Le maire de Lyon demande des renforts après des "émeutes sans précédent"

Le maire écologiste de Lyon Grégory Doucet a demandé samedi l'envoi immédiat de renforts de police après les émeutes "sans précédent" marquées par des heures de pillage, face à des forces de l'ordre parfois "débordées" et "en nombre insuffisant". La ville "a été en proie à des émeutes avec une intensité, des dégradations et des violences sans précédent", a-t-il dit au cours d'un point-presse à la mairie après une réunion de crise. Au cours de la nuit, des dizaines de jeunes "très mobiles" circulant à pied, à vélo ou à trottinette ont sillonné les rues, avec "une quarantaine de magasins attaqués, vandalisés, pillés, une vingtaine de véhicules incendiés" et des dégradations dans tous les arrondissements, selon le bilan communiqué par l'élu.

Le dernier bilan de la préfecture fait état de 35 blessés dans les rangs des forces de l'ordre, avec notamment quatre policiers visés par des tirs à Vaulx-en-Velin, une commune populaire de la périphérie lyonnaise connue pour ses flambées de violence en 2005. "On a besoin de plus de renfort, plus de policiers nationaux pour pouvoir assurer la sécurité dans la ville de Lyon", a-t-il enjoint. "Hier soir, on a fait le constat que les policiers étaient en nombre insuffisant pour pouvoir faire face à l'ensemble des débordements", avec par moment "certaines brigades en difficulté" face à "des émeutiers extrêmement mobiles", a ajouté l'édile, tout en saluant le "sang froid" des policiers.

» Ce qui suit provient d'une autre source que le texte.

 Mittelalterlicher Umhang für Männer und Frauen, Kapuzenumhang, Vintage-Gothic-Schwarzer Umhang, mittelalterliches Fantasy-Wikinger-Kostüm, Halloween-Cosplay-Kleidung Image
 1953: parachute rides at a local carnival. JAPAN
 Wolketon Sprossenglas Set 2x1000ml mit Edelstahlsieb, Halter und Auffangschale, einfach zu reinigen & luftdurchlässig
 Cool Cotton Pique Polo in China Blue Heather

Deux mairies ciblées en Hauts-de-France

La mairie de Lens (Pas-de-Calais) et celle d'une bourgade de l'Oise ont été prises pour cible dans la nuit de vendredi à samedi dans les Hauts-de-France, où plusieurs locaux de la police ont également été dégradés. A Lens, la porte et des vitres latérales de l'hôtel de ville ont été dégradées, mais les fauteurs de troubles ne sont pas parvenus à entrer dans le bâtiment, a précisé la préfecture.

Dans l'Oise, la façade de la police municipale de Nanteuil-le-Haudouin a été incendiée et la mairie de Villers-Saint-Paul a été ciblée par des jets de pierre, selon la préfecture.

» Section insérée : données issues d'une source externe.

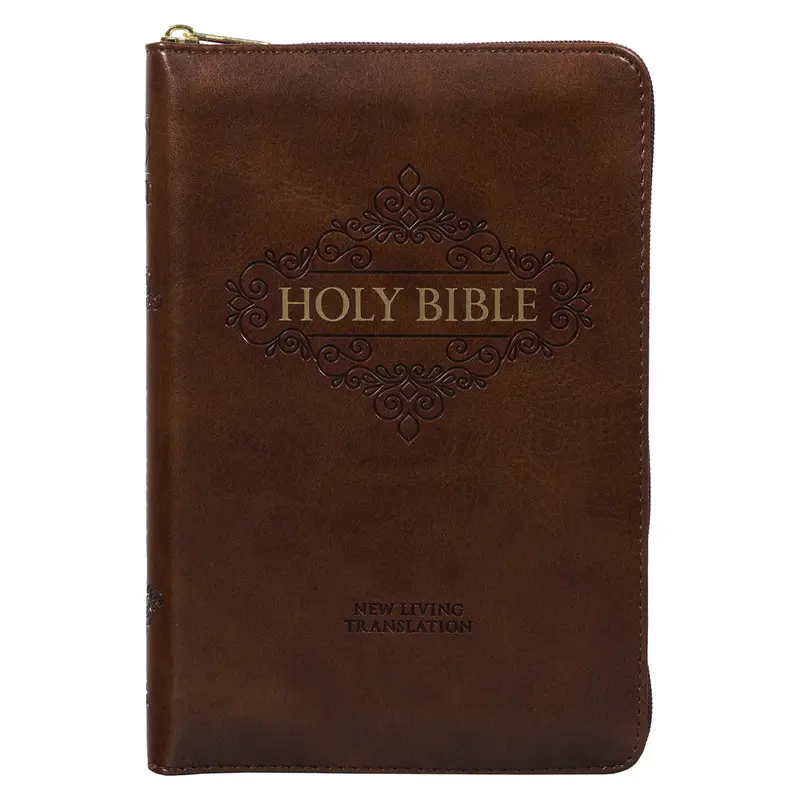 Nlt Compact Bible In Brown Faux Leather With Zip Closure And Flexible Cover 1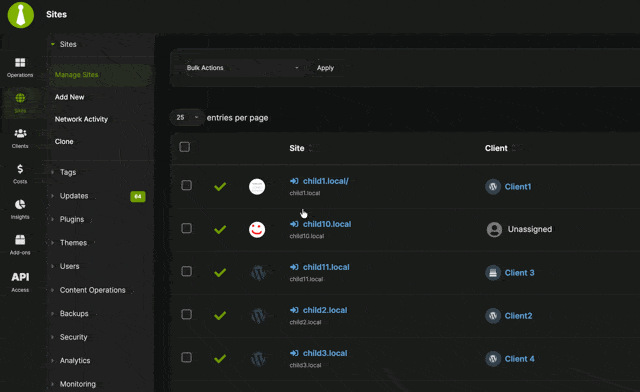 Animated screenshot showing the Purge Cache Cache Control bulk action on the Manage Sites page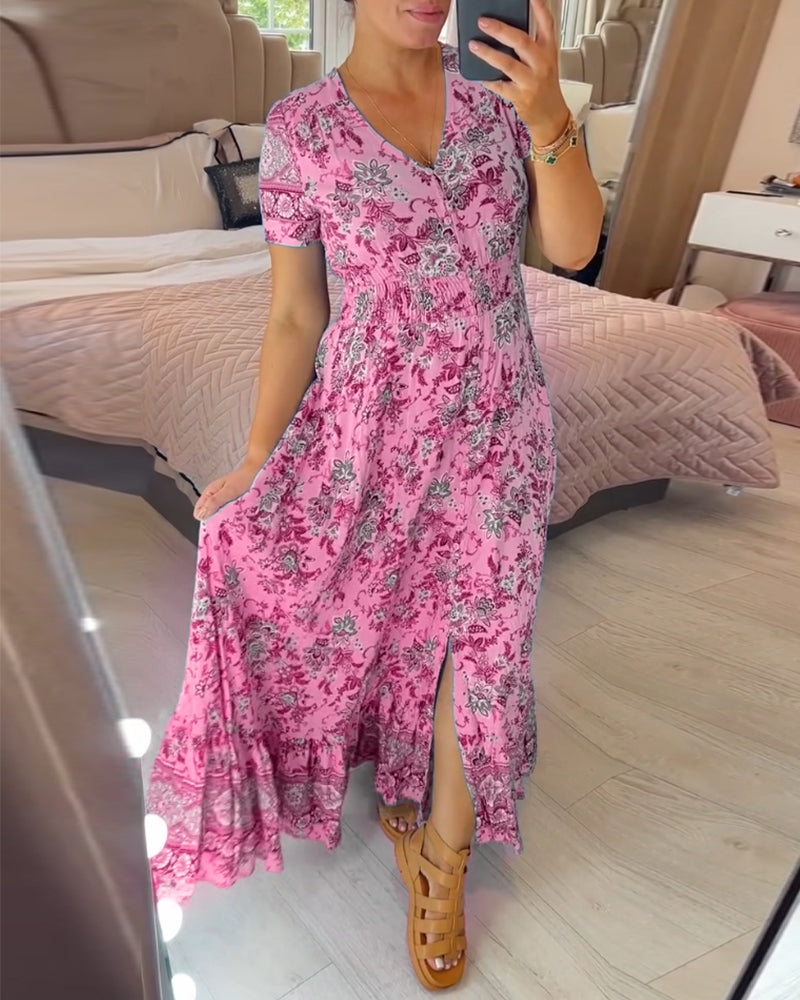 Alisa™ - V-hals Kjole med Blomsterprint
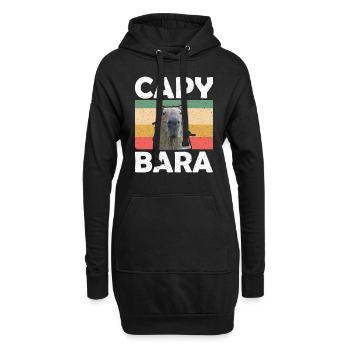 Rétro Capybara Wasserschwein - Sweat-shirt à capuche long Femme - noir - Devant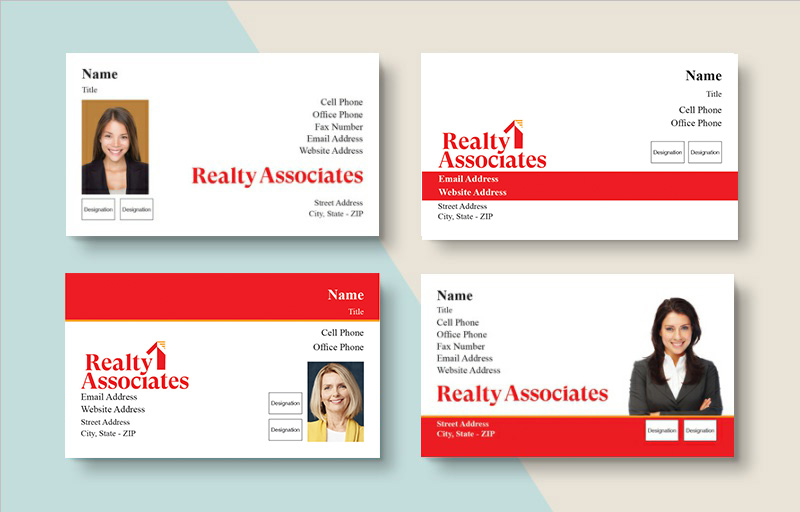 Realty Associates Real Estate Standard Business Cards - Standard & Rounded Corner Business Cards for Realtors | BestPrintBuy.com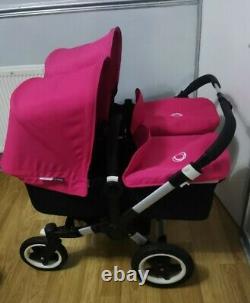 Bugaboo Donkey twin pink with footmuffs, double maxi Cosi car seat adapter etc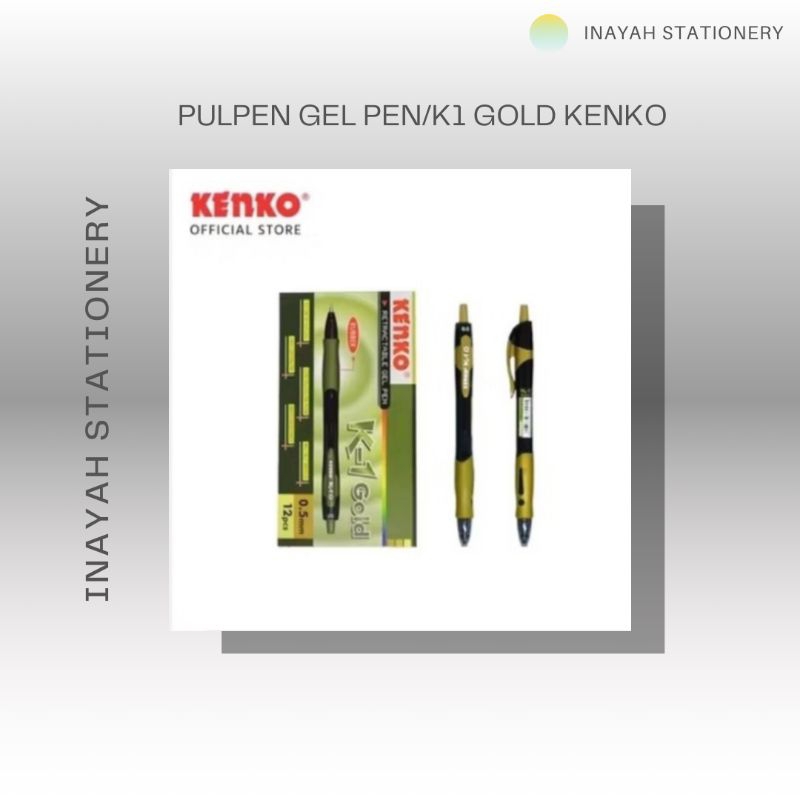 

PULPEN GEL PEN/K1 GOLD MEREK KENKO 1PACK ISI 12PCS Tinta Stationery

Nouvelle réunion de la cellule de crise à visée "opérationnelle"

Le gouvernement a organisé samedi matin une nouvelle réunion de la cellule interministérielle de crise (CIC), à visée "opérationnelle", pour faire le point après une quatrième nuit de violences urbaines, a indiqué Matignon samedi. Le directeur de cabinet de la Première ministre, Aurélien Rousseau, préside depuis 11 heures au ministère de l'Intérieur cette réunion au caractère "très opérationnel, avec tous les services et les cabinets des ministères concernés", a précisé la même source.

Elisabeth Borne avait indiqué vendredi que cette cellule de crise était désormais activée "en continu" pour suivre la situation et "prendre les décisions nécessaires". Emmanuel Macron a présidé les deux premières CIC, jeudi puis vendredi. Aucun ministre ne participe à cette troisième CIC. L'exécutif tient à "respecter le temps du deuil" alors qu'ont démarré samedi matin les obsèques du jeune Nahel, tué mardi à Nanterre par un policier, et dont la mort a embrasé de nombreuses villes en France. Les ministres ont pour leur part été priés de rester à Paris ce week-end. Ils restent "mobilisés et attentifs" à la situation.

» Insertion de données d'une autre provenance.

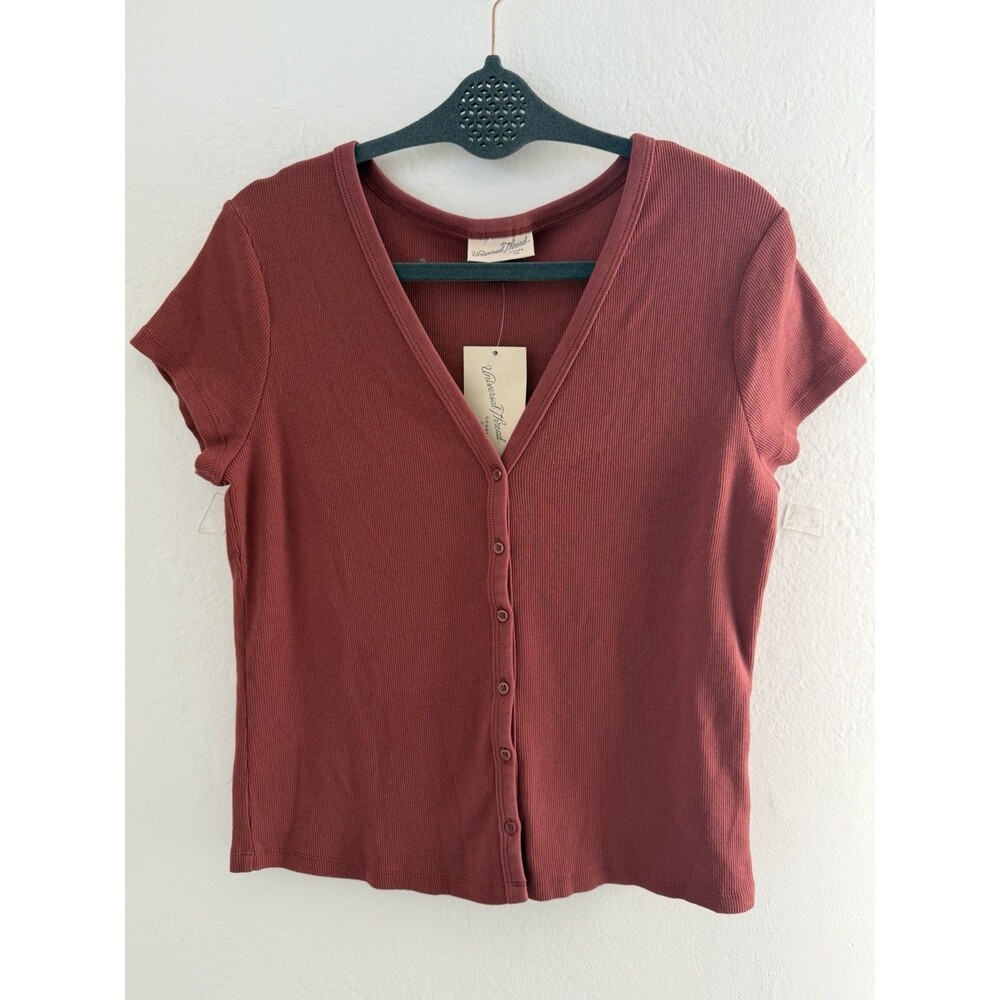 Universal Thread Ribbed Button Front Short Sleeve Top Rust Large NWT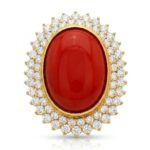 Coral and Diamond Ring in 14K Yellow Gold - Front View by Kelly Christie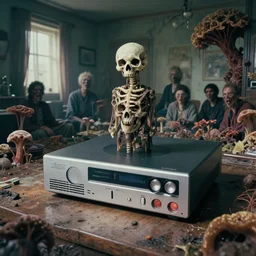 aged polaroid showing top loading vhs player for cranium in lifeless apartment fungal & filthy by alberto bontempi, shigeru komatsuzaki, wayne d barlowe, alex ross, enric torres, simon bisley & boris vallejo, hyper realism, cinematical, epic horror narrative light, muted colors, epic, hyper detailed, awe inspiring, award winning horror,
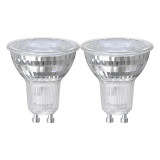 Crompton LED GU10 Spotlight Bulbs 3.7W Warm White 2700K Halogen Replacement Clear (2 Pack)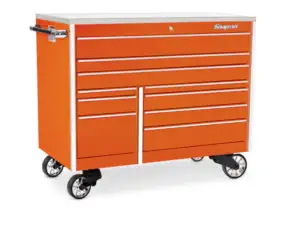 54" 10-Drawer Double-Bank Masters Series Stainless Steel Top Roll Cab (Electric Orange)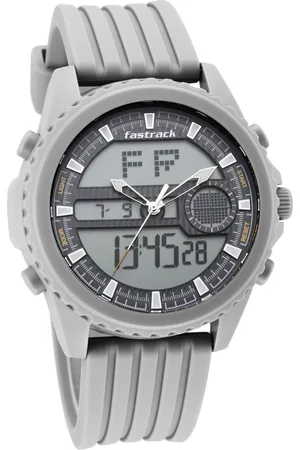 Fastrack Streetwear Quartz Analog Digital Grey Dial PU Strap Watch for Guys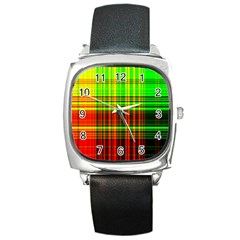 Line Light Neon Red Green Square Metal Watch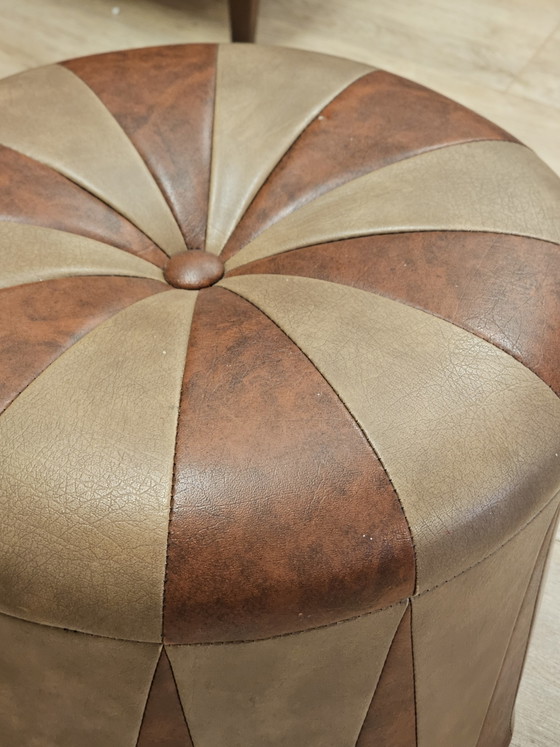 Vintage Skailer Pouf - Brown/Beige Leather Ottoman – Footstools & poufs (photo 4 of 5)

Concerts annulés, couvre-feux

Le ministre de l'Intérieur avait également demandé aux préfets l'arrêt des bus et tramways dans toute la France après 21h00. Et de nombreuses communes avaient instauré un couvre-feu. Des manifestations "contre le racisme, les crimes et les violences policières" ont également été interdites vendredi soir à Paris, Marseille, Lyon, Bordeaux ou Toulouse.

Le gouvernement a aussi décidé l'annulation d'événements "de grande ampleur", notamment les concerts de Mylène Farmer au stade de France vendredi et samedi. La cellule interministérielle de crise s'est réunie une nouvelle fois samedi matin, autour du directeur de cabinet de la Première ministre, Elisabeth Borne pour faire le point de la situation. Les ministres ont pour leur part été priés de rester à Paris ce week-end.